A América Latina voltou a ser palco da disputa entre grandes potências. Ao longo da história, interesses estrangeiros buscaram influenciar decisões políticas e econômicas na região, muitas vezes condicionando governos e limitando a autonomia dos Estados nacionais. O Brasil, pela dimensão de seu território, por sua riqueza mineral, energética, agrícola e ambiental, ocupa posição estratégica e desperta interesses que vão muito além das relações diplomáticas tradicionais.
É nesse contexto que a sociedade brasileira precisa refletir sobre o papel de quem pretende governar o país. Independentemente das diferenças ideológicas, espera-se que qualquer candidato coloque os interesses nacionais acima de alianças internacionais ou de conveniências eleitorais. A defesa da soberania não pertence à esquerda nem à direita; pertence ao Estado brasileiro.
A recente aproximação de lideranças da oposição com integrantes do governo dos Estados Unidos, incluindo encontros com o presidente Donald Trump e com o secretário de Estado Marco Rubio, reacendeu o debate sobre os limites da atuação de agentes políticos brasileiros junto a governos estrangeiros.
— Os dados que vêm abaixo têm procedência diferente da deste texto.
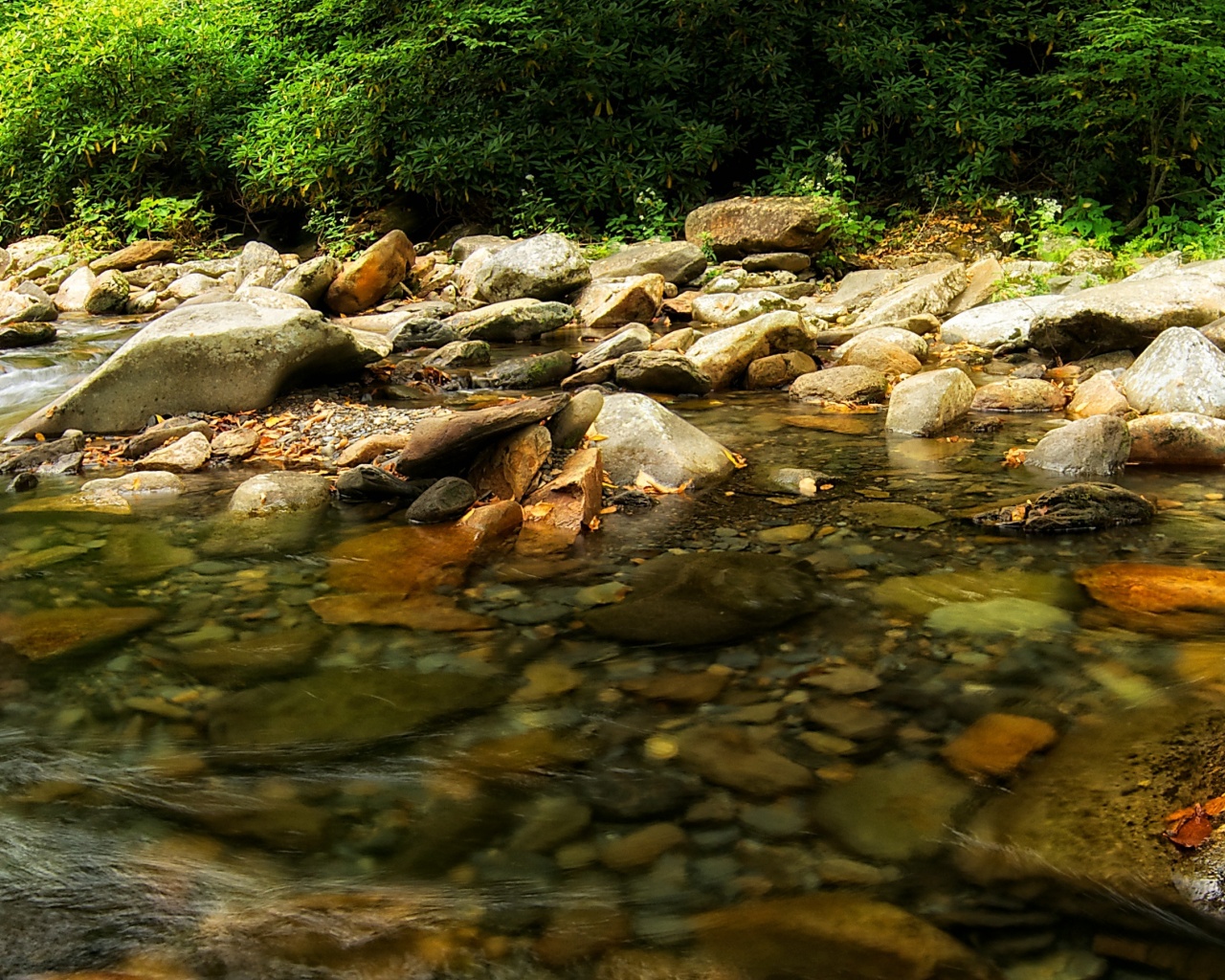 Гораня река обои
Também geraram controvérsia as articulações relacionadas à classificação do PCC e do Comando Vermelho como organizações terroristas pelos Estados Unidos, medida apoiada por lideranças da oposição e criticada pelo governo brasileiro sob o argumento de que poderia produzir impactos sobre a soberania nacional e sobre setores da economia.
Da mesma forma, o debate em torno de tarifas comerciais impostas pelos Estados Unidos ao Brasil evidencia como decisões externas podem afetar empregos, exportações e investimentos. Em qualquer circunstância, negociações dessa natureza devem ocorrer entre Estados soberanos, conduzidas pelas instituições brasileiras, e não subordinadas aos interesses eleitorais de qualquer grupo político.
A democracia brasileira amadureceu justamente porque construiu instituições capazes de resolver seus próprios conflitos. Nossa Constituição estabelece que a soberania nacional é um dos fundamentos da República e orienta a política externa pela independência nacional e pela autodeterminação dos povos. Esses princípios não podem ser relativizados.
O eleitor brasileiro tem diante de si projetos políticos distintos, cada qual com suas propostas para a economia, a segurança pública, a educação, a saúde e a infraestrutura. O julgamento sobre essas propostas cabe exclusivamente ao povo brasileiro, por meio do voto livre e consciente.
Mais importante do que qualquer disputa partidária é preservar um princípio que deveria unir toda a sociedade: o destino do Brasil deve ser decidido pelos brasileiros. Nenhuma potência estrangeira, por mais influente que seja, pode substituir a vontade popular expressa nas urnas nem determinar os rumos de uma nação soberana.
Em uma democracia, governos passam, partidos se alternam no poder e lideranças mudam. A soberania nacional, entretanto, deve permanecer como patrimônio permanente da República e compromisso inegociável de todos aqueles que pretendem governar o Brasil.